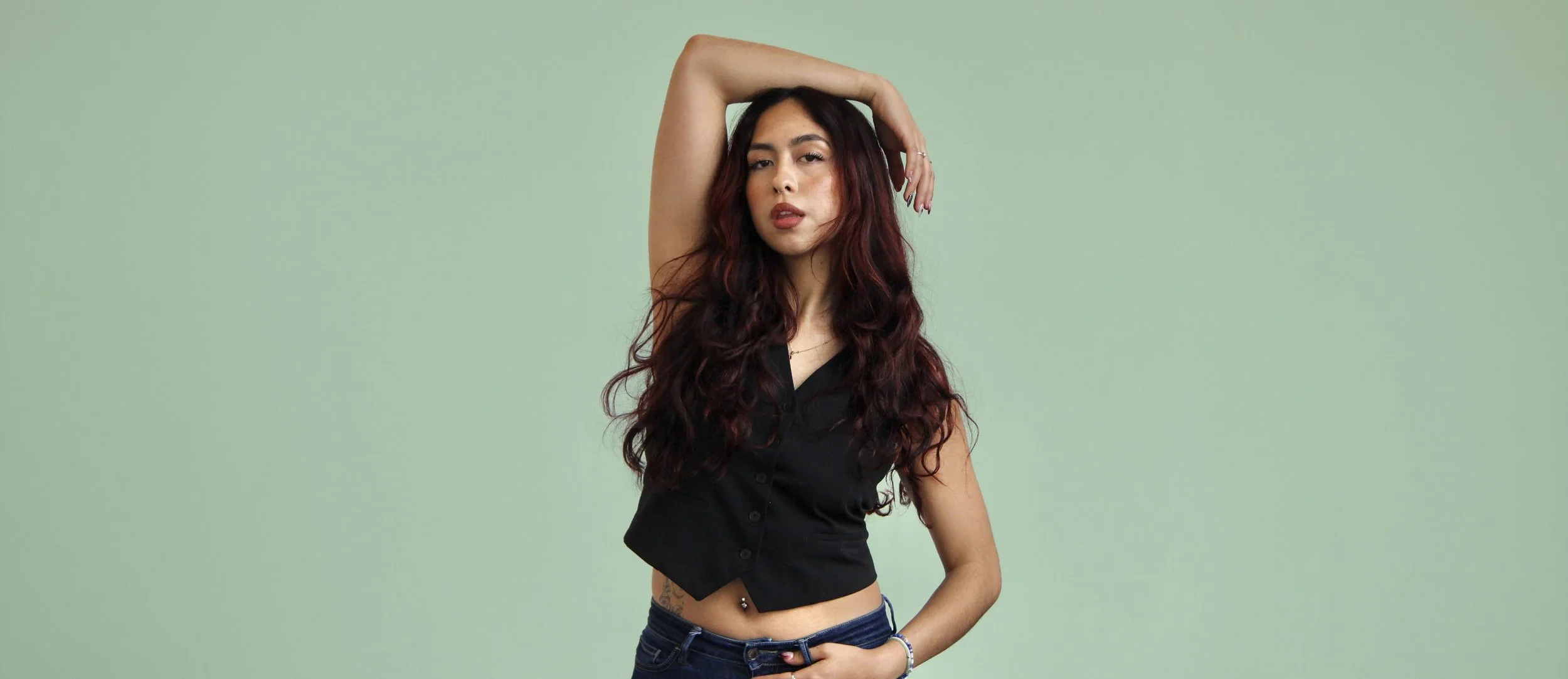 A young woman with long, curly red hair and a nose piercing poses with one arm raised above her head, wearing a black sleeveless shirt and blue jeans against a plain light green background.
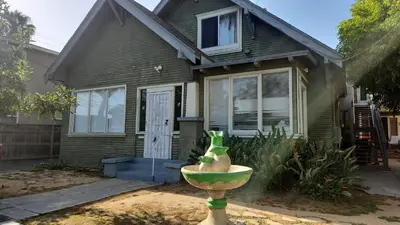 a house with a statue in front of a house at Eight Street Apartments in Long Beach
★ ★ ★ ★
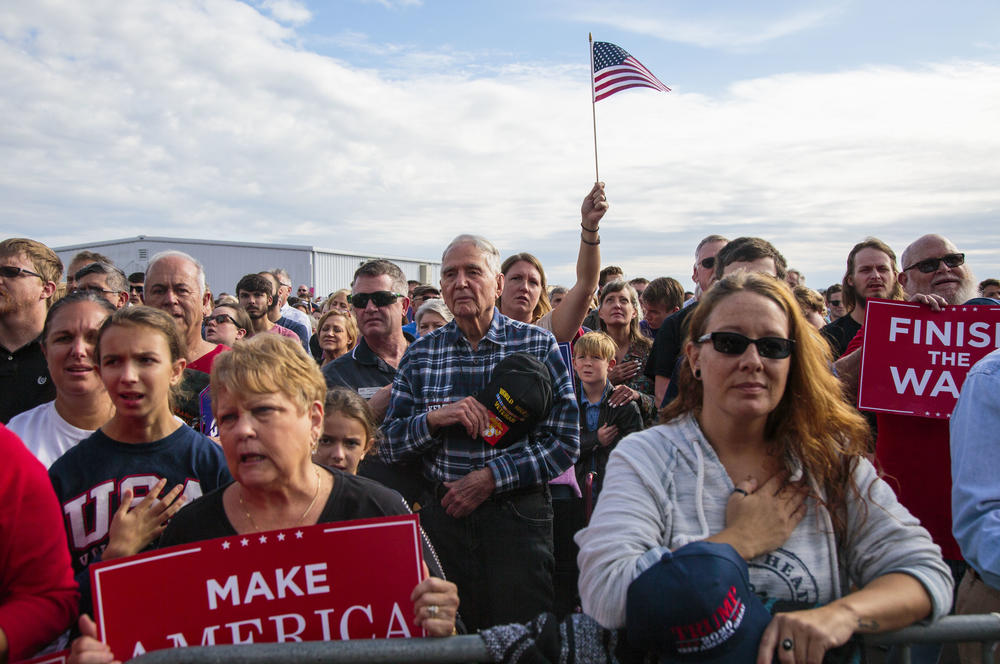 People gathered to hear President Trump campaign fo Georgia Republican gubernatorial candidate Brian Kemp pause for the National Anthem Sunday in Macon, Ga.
★ ★ ★ ★
● **The problem**:
Take the material above from the line containing "A young woman" up to and including the line containing "a house with" and retype it exactly, without any pictures.

● **Finished task**:
 A young woman with long, curly red hair and a nose piercing poses with one arm raised above her head, wearing a black sleeveless shirt and blue jeans against a plain light green background.
 a house with a statue in front of a house at Eight Street Apartments in Long Beach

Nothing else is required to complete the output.